**Aim of the task**: Starting at the line that contains "that beat in a" in the listing below, write out every line word for word until you have written the line that contains "Button B, et".

**Material to process**:
>>>>>

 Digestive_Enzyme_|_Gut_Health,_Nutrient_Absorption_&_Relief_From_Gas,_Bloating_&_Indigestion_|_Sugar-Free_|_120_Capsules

<<<<<
>>>>>

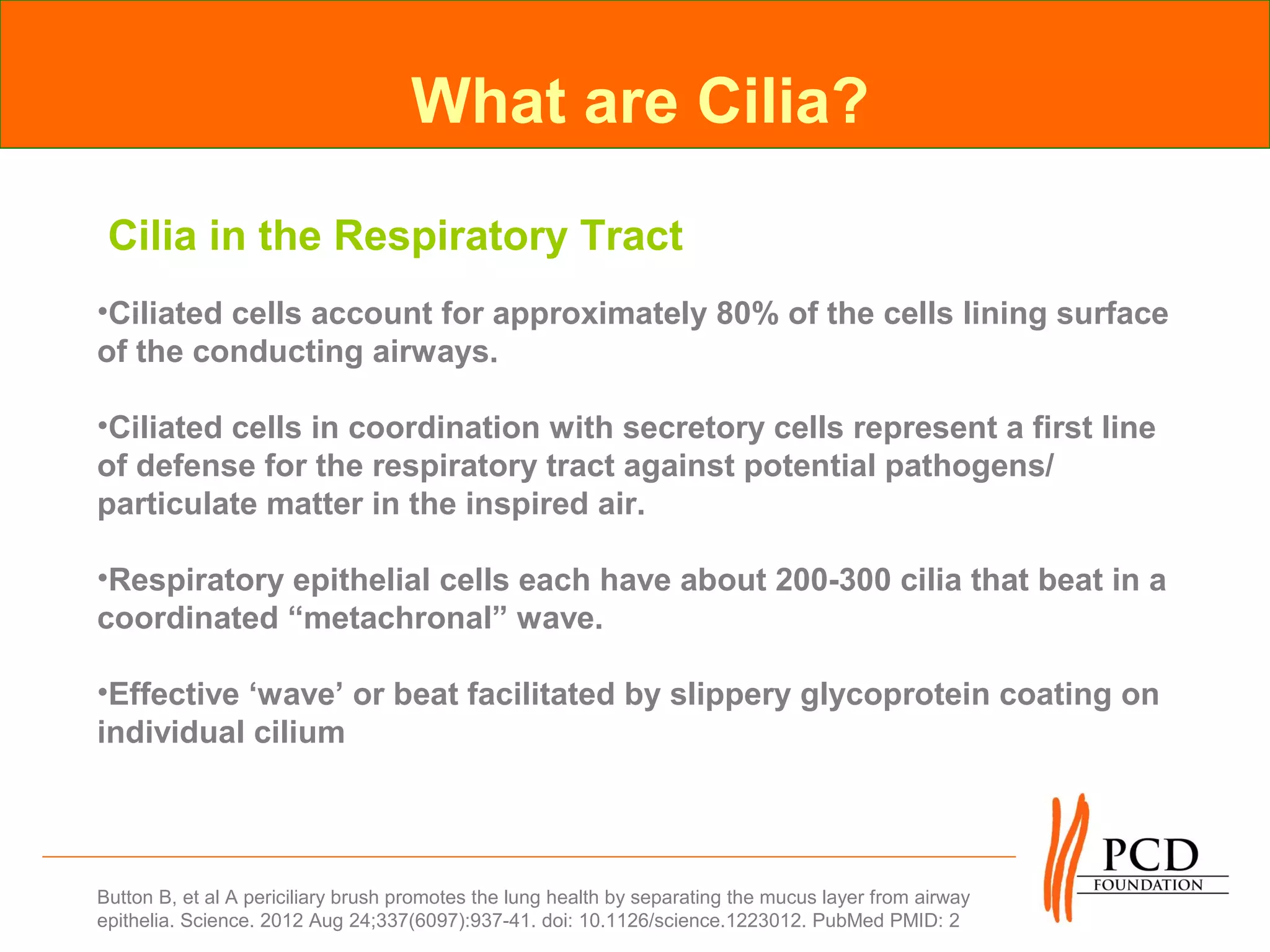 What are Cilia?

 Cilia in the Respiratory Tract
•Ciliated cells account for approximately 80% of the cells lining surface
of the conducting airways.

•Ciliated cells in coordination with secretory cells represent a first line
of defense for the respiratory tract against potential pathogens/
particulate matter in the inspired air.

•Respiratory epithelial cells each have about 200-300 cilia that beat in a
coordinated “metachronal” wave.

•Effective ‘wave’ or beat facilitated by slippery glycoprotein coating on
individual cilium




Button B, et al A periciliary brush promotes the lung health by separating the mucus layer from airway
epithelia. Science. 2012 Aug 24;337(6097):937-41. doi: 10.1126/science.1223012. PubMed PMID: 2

<<<<<

**Your response**:
•Respiratory epithelial cells each have about 200-300 cilia that beat in a
coordinated “metachronal” wave.

•Effective ‘wave’ or beat facilitated by slippery glycoprotein coating on
individual cilium




Button B, et al A periciliary brush promotes the lung health by separating the mucus layer from airway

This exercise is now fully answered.